Records to use:
━━━━

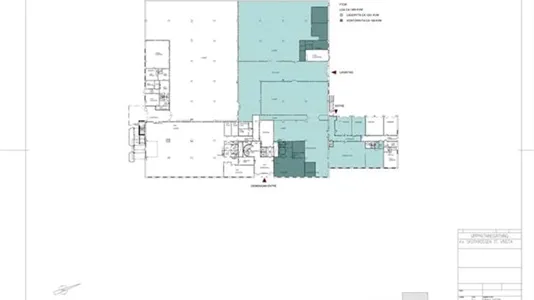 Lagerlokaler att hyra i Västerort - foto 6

━━━━

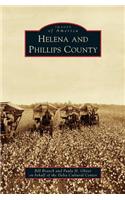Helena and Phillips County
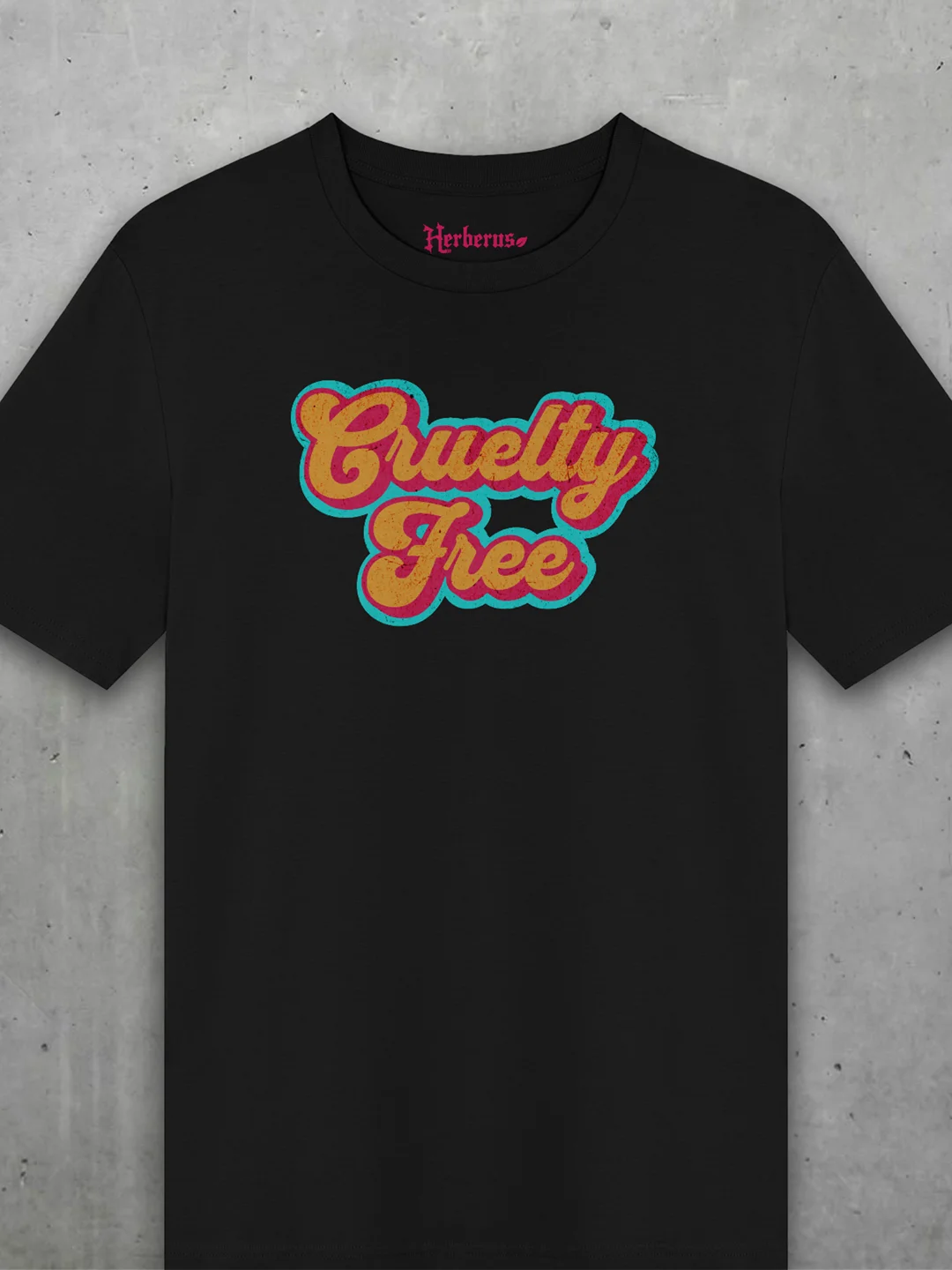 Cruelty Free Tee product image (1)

━━━━

Activity: Word for word, retype the lines in the entries above that run from the one with "Helena and Phillips County" through the one with "Cruelty Free Tee product image (1)". Both ends count; pictures do not.

Solution to the exercise:
Helena and Phillips County
 Cruelty Free Tee product image (1)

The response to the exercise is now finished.